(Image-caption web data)

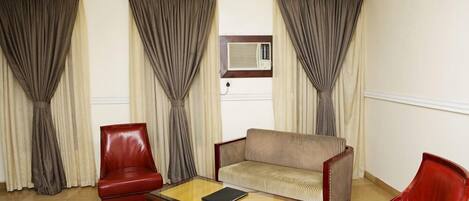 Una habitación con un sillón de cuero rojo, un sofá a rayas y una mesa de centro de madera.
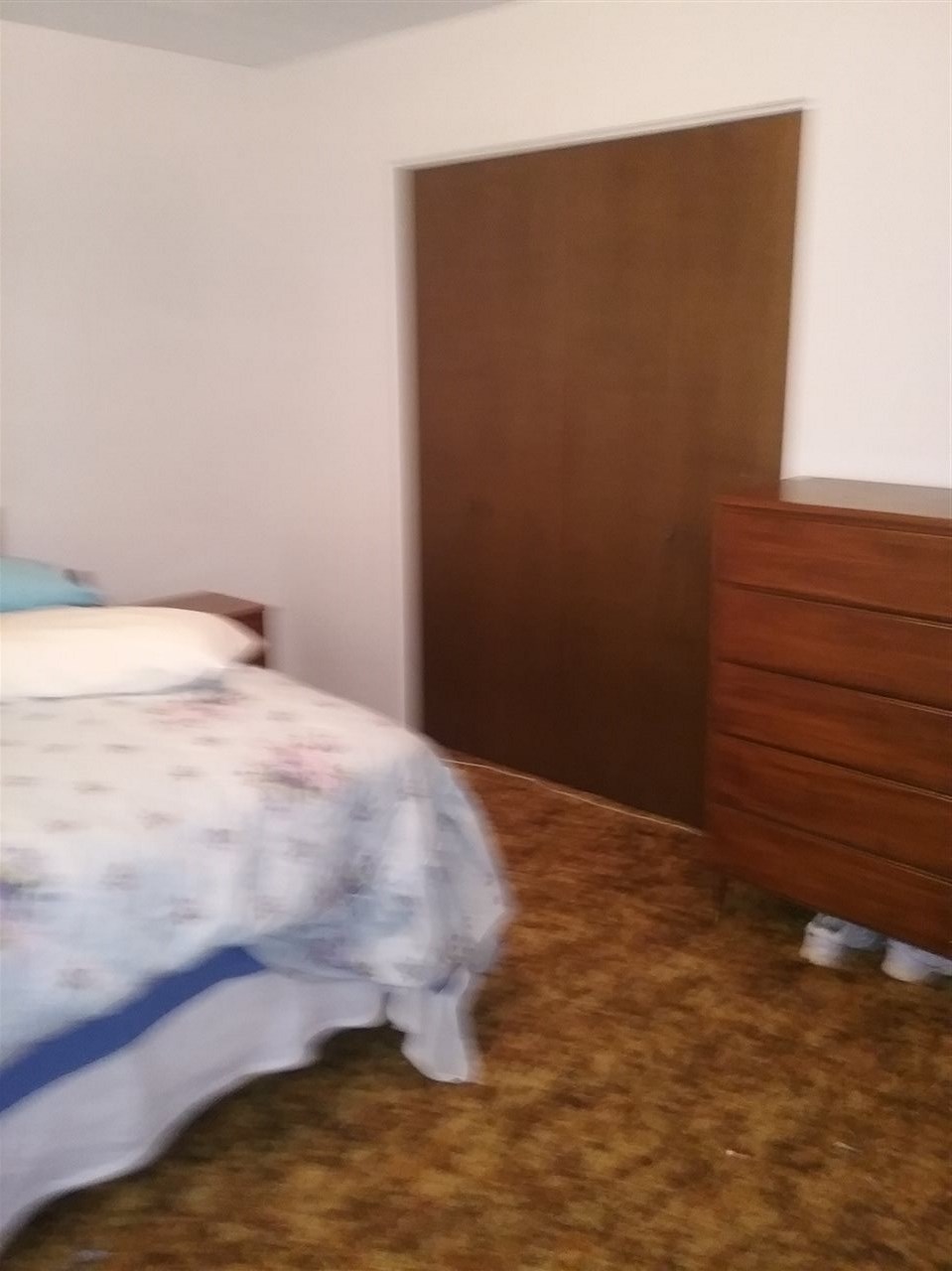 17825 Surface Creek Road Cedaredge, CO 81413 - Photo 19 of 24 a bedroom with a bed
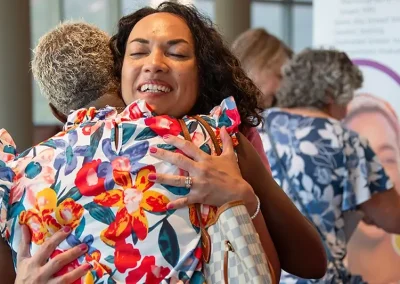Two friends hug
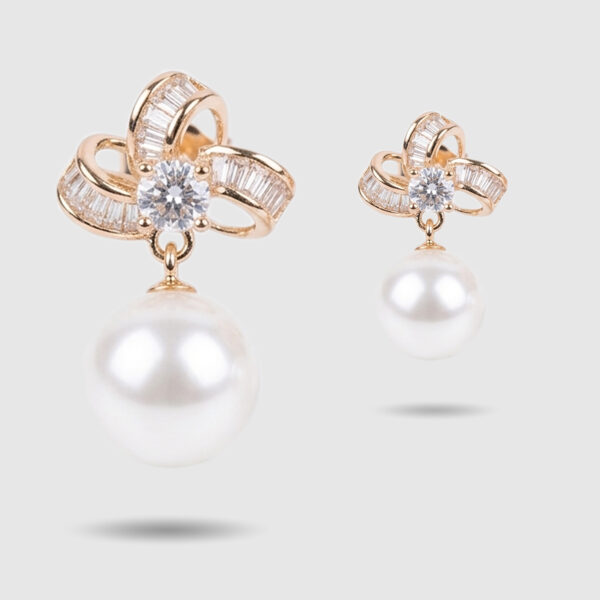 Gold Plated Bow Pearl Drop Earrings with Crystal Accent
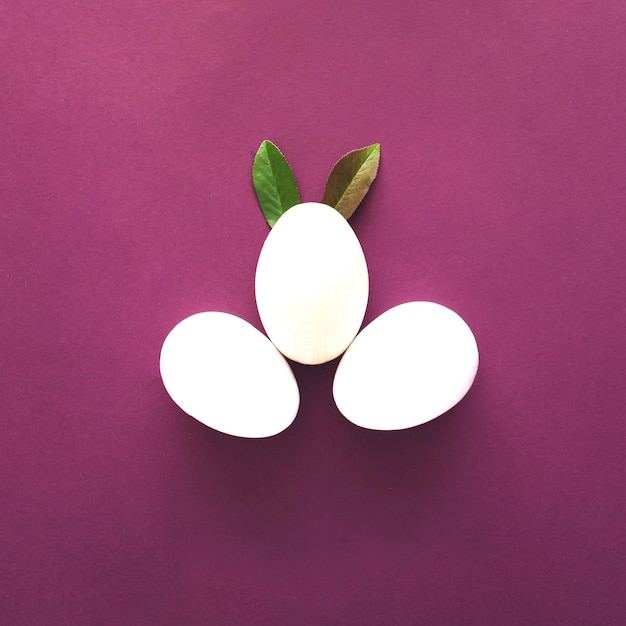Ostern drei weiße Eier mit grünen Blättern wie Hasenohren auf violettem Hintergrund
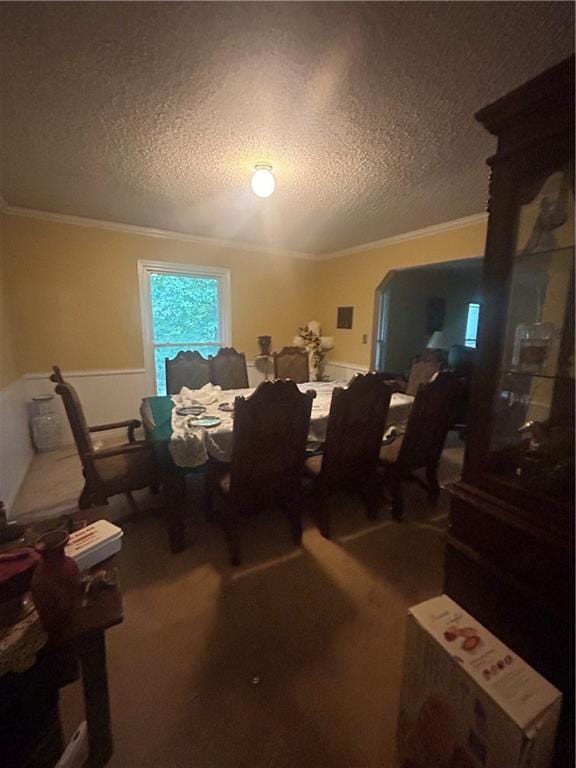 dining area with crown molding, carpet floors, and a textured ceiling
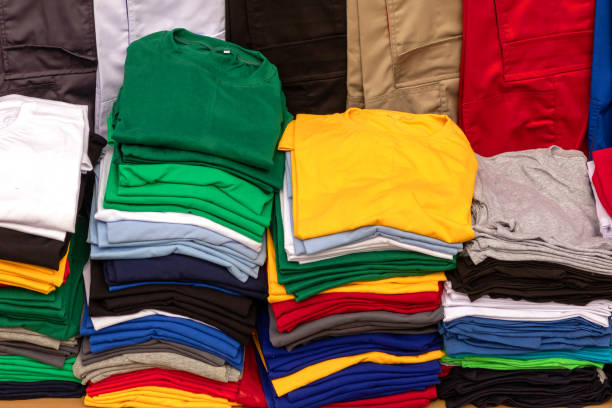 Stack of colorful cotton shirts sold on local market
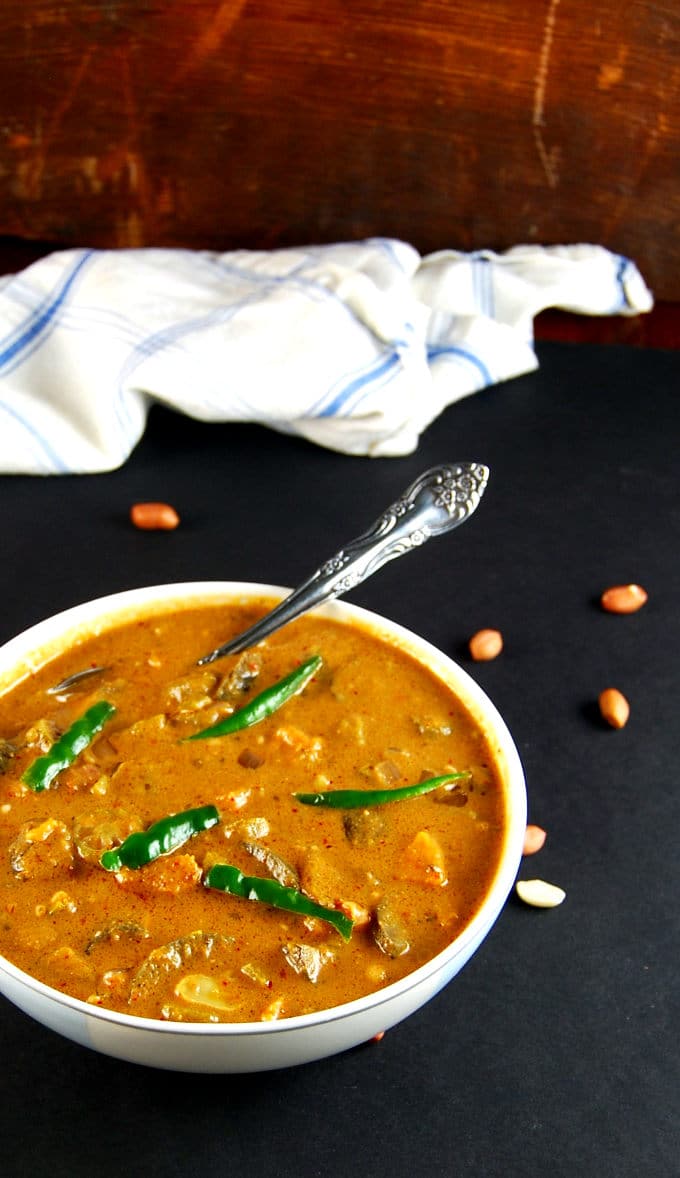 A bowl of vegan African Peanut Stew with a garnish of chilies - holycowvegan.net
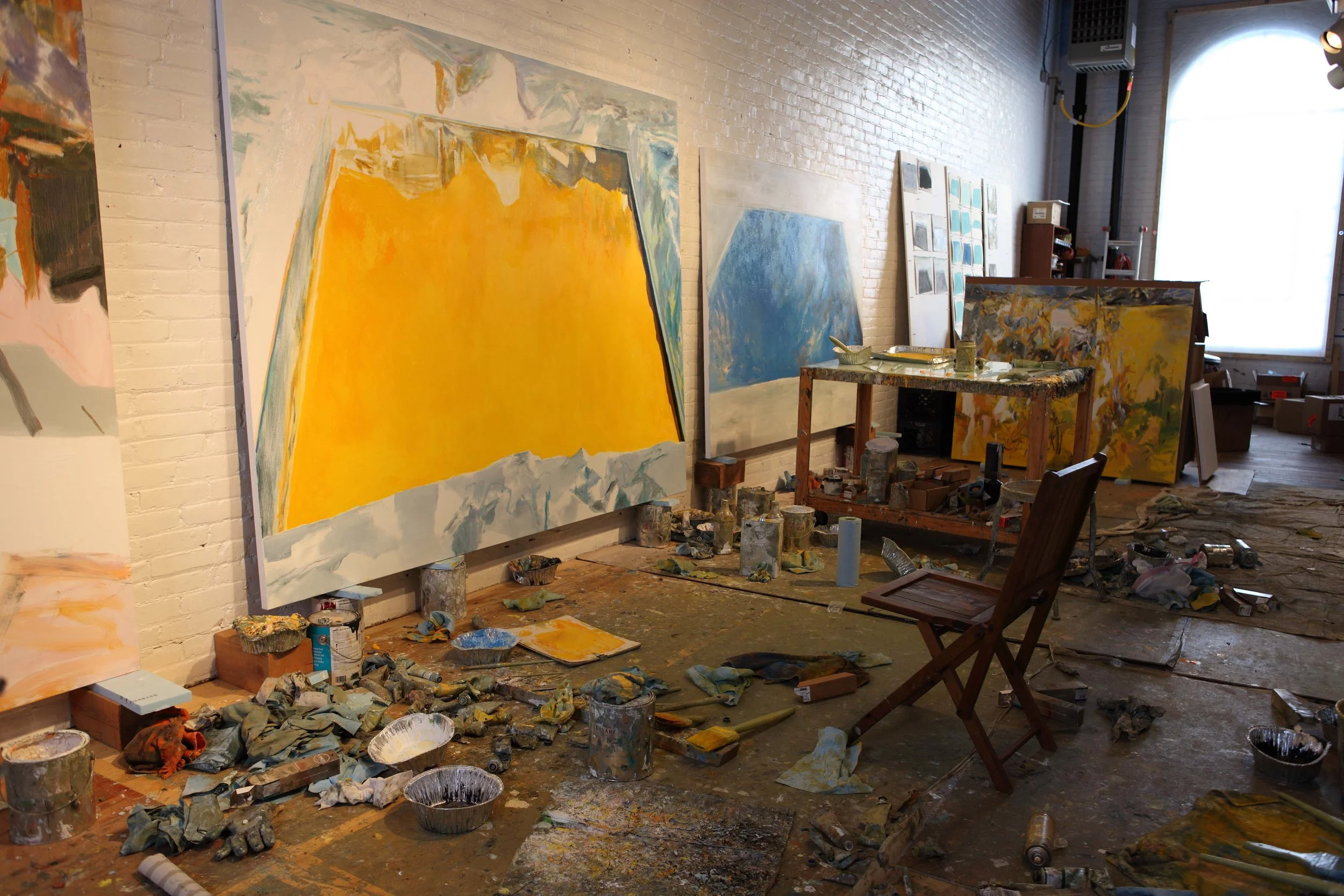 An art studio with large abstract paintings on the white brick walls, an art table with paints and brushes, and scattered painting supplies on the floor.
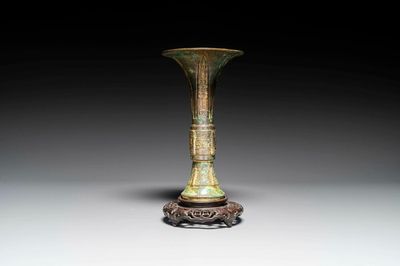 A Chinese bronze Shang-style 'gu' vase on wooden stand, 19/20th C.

### WHAT THE TASK REQUIRES
Every line from the one holding "Ostern drei weiße" through the end of the records above must be reproduced verbatim, pictures excepted.

### RESPONSE TO THE EXERCISE
Ostern drei weiße Eier mit grünen Blättern wie Hasenohren auf violettem Hintergrund
 dining area with crown molding, carpet floors, and a textured ceiling
 Stack of colorful cotton shirts sold on local market
 A bowl of vegan African Peanut Stew with a garnish of chilies - holycowvegan.net
 An art studio with large abstract paintings on the white brick walls, an art table with paints and brushes, and scattered painting supplies on the floor.
 A Chinese bronze Shang-style 'gu' vase on wooden stand, 19/20th C.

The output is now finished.